■ Dataset records:

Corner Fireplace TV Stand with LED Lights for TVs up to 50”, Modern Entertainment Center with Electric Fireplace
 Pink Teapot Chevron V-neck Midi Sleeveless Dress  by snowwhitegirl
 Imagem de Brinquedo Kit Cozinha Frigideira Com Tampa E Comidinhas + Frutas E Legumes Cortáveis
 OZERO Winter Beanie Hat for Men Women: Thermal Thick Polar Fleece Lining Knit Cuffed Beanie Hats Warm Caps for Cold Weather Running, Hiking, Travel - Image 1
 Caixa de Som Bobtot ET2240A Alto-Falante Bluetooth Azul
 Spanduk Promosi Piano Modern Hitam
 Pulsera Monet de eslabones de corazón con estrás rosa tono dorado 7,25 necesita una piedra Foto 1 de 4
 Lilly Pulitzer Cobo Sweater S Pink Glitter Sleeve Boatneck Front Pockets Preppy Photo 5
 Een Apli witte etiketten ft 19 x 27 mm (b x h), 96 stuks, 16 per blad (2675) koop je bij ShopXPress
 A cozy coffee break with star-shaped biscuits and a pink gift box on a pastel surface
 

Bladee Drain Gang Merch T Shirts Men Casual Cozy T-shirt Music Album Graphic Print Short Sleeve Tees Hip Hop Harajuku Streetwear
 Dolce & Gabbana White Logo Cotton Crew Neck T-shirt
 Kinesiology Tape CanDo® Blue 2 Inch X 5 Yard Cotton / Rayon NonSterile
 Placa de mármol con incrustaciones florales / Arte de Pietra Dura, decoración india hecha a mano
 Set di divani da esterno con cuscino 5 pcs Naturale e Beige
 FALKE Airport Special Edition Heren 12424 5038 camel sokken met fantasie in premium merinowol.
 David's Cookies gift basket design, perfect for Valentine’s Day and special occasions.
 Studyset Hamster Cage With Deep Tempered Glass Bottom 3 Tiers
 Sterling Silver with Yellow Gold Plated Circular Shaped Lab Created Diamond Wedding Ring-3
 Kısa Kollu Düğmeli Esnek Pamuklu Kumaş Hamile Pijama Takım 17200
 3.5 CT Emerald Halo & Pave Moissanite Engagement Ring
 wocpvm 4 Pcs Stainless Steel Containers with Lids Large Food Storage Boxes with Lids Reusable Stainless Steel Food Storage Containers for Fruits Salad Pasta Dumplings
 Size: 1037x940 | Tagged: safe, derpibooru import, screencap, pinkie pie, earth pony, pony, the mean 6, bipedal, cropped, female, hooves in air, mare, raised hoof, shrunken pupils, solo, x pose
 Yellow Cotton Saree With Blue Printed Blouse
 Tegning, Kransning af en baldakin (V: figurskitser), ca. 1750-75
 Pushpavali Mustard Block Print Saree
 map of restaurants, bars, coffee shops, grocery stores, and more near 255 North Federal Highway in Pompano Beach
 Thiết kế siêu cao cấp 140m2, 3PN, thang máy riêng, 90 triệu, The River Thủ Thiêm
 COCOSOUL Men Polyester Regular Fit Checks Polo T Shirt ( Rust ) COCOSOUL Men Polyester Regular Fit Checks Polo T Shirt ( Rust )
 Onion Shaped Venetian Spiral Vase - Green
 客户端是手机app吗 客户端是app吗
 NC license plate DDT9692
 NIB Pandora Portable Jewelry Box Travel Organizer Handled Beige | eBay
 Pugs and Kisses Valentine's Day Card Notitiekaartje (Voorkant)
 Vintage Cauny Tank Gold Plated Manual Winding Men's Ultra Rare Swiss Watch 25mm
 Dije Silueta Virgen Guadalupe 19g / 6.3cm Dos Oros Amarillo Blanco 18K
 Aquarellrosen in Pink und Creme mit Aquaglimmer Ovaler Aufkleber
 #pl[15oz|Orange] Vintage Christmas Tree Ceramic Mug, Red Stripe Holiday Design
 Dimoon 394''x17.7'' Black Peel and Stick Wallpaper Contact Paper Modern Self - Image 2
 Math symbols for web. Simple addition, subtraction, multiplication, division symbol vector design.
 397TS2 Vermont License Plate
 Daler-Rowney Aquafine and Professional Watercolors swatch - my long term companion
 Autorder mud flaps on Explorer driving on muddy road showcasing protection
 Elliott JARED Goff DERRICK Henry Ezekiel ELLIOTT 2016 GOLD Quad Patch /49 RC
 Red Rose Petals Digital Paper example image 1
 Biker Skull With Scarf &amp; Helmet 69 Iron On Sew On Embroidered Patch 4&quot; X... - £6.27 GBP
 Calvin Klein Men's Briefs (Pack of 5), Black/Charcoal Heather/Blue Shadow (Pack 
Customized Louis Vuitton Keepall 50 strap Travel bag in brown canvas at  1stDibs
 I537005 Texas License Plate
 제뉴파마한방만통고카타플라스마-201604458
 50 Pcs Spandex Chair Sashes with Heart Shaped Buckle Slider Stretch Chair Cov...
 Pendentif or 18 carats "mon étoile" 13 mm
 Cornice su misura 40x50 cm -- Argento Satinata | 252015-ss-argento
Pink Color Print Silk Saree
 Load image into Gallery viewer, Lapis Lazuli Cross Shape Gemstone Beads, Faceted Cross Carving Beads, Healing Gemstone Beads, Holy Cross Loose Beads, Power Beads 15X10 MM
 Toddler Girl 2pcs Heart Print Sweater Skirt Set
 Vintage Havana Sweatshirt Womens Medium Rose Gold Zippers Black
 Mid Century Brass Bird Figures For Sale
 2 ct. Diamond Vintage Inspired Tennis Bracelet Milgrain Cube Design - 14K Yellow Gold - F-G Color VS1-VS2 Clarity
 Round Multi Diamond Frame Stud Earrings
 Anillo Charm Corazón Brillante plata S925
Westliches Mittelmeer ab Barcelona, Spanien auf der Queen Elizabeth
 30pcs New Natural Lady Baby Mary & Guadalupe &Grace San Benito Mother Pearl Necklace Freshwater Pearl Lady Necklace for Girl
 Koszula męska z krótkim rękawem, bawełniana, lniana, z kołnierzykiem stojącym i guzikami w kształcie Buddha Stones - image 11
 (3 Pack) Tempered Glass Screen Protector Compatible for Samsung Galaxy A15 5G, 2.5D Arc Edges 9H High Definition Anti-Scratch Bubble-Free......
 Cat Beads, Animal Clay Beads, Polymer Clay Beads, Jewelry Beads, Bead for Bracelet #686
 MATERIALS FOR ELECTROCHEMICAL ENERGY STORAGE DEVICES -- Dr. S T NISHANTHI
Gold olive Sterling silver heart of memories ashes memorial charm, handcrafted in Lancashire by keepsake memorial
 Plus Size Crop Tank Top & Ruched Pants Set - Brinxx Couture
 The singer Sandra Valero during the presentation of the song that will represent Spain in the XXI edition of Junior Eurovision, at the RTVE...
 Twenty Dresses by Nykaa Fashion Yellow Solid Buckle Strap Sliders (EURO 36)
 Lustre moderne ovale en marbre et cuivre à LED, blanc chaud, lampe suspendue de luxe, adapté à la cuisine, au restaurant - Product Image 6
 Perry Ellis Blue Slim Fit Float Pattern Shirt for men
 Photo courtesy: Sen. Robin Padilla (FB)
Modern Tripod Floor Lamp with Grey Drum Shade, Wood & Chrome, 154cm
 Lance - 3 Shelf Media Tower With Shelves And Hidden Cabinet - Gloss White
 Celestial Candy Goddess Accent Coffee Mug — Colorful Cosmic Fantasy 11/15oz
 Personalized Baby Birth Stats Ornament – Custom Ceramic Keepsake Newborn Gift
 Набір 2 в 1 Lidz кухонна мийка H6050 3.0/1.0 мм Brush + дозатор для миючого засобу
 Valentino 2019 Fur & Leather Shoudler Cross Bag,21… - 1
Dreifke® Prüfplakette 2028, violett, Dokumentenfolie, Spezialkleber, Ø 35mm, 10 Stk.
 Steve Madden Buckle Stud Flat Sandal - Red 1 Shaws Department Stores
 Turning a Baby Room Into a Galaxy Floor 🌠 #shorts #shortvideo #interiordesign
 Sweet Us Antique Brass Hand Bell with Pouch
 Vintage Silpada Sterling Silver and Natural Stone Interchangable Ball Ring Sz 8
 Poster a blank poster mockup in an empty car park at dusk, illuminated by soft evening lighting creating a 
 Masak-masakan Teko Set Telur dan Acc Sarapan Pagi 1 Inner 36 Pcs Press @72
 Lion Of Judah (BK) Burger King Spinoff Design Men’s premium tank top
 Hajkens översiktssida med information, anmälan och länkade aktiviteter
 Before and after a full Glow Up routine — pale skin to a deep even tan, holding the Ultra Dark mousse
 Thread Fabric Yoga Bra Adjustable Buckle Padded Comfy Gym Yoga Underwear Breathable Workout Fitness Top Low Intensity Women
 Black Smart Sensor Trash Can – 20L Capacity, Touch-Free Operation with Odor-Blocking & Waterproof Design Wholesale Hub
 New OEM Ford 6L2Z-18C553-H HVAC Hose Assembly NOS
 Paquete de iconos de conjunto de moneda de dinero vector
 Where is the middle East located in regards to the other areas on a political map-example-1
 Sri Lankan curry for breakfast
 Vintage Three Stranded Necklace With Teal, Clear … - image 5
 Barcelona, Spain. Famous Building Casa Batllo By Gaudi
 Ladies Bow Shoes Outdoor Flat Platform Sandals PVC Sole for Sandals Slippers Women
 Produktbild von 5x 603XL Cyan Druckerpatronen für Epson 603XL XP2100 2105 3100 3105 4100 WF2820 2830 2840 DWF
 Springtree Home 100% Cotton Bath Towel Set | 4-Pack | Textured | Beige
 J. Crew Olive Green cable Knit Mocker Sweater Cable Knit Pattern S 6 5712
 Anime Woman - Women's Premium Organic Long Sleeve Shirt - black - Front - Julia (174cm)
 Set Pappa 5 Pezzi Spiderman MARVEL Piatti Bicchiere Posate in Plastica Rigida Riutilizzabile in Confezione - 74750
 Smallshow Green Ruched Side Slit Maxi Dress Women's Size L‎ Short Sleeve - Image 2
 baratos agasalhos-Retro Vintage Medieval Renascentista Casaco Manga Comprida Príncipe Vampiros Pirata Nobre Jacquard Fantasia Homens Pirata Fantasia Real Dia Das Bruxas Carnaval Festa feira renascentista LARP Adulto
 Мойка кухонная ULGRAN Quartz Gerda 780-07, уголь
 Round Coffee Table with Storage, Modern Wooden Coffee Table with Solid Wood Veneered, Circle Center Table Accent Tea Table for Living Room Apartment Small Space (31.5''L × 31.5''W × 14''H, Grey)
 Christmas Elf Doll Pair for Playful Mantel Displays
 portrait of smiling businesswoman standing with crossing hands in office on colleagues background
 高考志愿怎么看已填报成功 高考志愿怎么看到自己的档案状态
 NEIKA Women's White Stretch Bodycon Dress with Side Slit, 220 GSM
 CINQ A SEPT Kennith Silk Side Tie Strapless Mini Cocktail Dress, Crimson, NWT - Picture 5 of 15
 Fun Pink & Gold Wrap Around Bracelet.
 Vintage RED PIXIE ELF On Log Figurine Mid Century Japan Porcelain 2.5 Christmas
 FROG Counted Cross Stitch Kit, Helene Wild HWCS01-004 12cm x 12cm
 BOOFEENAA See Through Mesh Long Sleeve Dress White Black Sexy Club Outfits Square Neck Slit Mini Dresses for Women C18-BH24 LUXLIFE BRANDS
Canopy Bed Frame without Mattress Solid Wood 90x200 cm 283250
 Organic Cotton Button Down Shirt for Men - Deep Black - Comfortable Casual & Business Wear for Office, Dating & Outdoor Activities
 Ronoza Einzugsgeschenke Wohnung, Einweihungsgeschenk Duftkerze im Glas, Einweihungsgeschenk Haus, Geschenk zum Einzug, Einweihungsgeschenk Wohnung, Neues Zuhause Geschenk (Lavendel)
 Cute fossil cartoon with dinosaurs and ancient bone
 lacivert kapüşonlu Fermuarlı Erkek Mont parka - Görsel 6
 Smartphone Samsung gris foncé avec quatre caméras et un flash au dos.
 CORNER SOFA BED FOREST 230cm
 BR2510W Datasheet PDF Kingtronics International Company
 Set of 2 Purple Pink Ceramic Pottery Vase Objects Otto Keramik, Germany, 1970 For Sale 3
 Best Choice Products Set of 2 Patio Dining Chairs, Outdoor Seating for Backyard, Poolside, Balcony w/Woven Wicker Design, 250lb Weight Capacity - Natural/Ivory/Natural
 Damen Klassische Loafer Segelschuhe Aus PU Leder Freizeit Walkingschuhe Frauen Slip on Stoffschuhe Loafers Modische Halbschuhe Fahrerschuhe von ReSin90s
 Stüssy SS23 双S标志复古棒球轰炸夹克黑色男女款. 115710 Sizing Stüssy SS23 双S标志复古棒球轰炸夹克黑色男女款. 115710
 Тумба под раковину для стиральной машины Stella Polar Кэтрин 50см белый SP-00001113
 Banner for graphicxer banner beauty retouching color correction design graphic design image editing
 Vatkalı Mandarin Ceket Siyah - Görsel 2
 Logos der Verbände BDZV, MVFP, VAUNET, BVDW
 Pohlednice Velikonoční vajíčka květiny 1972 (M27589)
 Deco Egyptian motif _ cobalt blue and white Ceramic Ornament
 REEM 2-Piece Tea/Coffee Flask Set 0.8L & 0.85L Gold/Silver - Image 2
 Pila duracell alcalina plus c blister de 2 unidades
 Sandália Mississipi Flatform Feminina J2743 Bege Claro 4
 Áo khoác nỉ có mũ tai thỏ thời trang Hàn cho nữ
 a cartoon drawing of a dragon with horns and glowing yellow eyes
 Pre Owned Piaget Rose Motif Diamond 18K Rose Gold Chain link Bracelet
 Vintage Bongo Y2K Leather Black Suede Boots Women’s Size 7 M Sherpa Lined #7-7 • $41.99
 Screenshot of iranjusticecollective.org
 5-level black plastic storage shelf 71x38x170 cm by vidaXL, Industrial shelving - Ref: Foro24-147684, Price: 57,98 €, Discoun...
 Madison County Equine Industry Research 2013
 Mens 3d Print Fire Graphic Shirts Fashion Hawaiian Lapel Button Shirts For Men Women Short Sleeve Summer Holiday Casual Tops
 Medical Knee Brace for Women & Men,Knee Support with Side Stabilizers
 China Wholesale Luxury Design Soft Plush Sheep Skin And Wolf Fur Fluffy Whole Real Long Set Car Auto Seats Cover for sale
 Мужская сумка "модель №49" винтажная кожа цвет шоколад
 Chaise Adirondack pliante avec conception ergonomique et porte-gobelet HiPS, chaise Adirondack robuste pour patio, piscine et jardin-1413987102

■ Task statement:
Which lines above run from the one containing "Twenty Dresses by" down to the one containing "Barcelona, Spain. Famous"? Repeat exactly those, both ends included, and nothing else.

■ Solved exercise:
 Twenty Dresses by Nykaa Fashion Yellow Solid Buckle Strap Sliders (EURO 36)
 Lustre moderne ovale en marbre et cuivre à LED, blanc chaud, lampe suspendue de luxe, adapté à la cuisine, au restaurant - Product Image 6
 Perry Ellis Blue Slim Fit Float Pattern Shirt for men
 Photo courtesy: Sen. Robin Padilla (FB)
Modern Tripod Floor Lamp with Grey Drum Shade, Wood & Chrome, 154cm
 Lance - 3 Shelf Media Tower With Shelves And Hidden Cabinet - Gloss White
 Celestial Candy Goddess Accent Coffee Mug — Colorful Cosmic Fantasy 11/15oz
 Personalized Baby Birth Stats Ornament – Custom Ceramic Keepsake Newborn Gift
 Набір 2 в 1 Lidz кухонна мийка H6050 3.0/1.0 мм Brush + дозатор для миючого засобу
 Valentino 2019 Fur & Leather Shoudler Cross Bag,21… - 1
Dreifke® Prüfplakette 2028, violett, Dokumentenfolie, Spezialkleber, Ø 35mm, 10 Stk.
 Steve Madden Buckle Stud Flat Sandal - Red 1 Shaws Department Stores
 Turning a Baby Room Into a Galaxy Floor 🌠 #shorts #shortvideo #interiordesign
 Sweet Us Antique Brass Hand Bell with Pouch
 Vintage Silpada Sterling Silver and Natural Stone Interchangable Ball Ring Sz 8
 Poster a blank poster mockup in an empty car park at dusk, illuminated by soft evening lighting creating a 
 Masak-masakan Teko Set Telur dan Acc Sarapan Pagi 1 Inner 36 Pcs Press @72
 Lion Of Judah (BK) Burger King Spinoff Design Men’s premium tank top
 Hajkens översiktssida med information, anmälan och länkade aktiviteter
 Before and after a full Glow Up routine — pale skin to a deep even tan, holding the Ultra Dark mousse
 Thread Fabric Yoga Bra Adjustable Buckle Padded Comfy Gym Yoga Underwear Breathable Workout Fitness Top Low Intensity Women
 Black Smart Sensor Trash Can – 20L Capacity, Touch-Free Operation with Odor-Blocking & Waterproof Design Wholesale Hub
 New OEM Ford 6L2Z-18C553-H HVAC Hose Assembly NOS
 Paquete de iconos de conjunto de moneda de dinero vector
 Where is the middle East located in regards to the other areas on a political map-example-1
 Sri Lankan curry for breakfast
 Vintage Three Stranded Necklace With Teal, Clear … - image 5
 Barcelona, Spain. Famous Building Casa Batllo By Gaudi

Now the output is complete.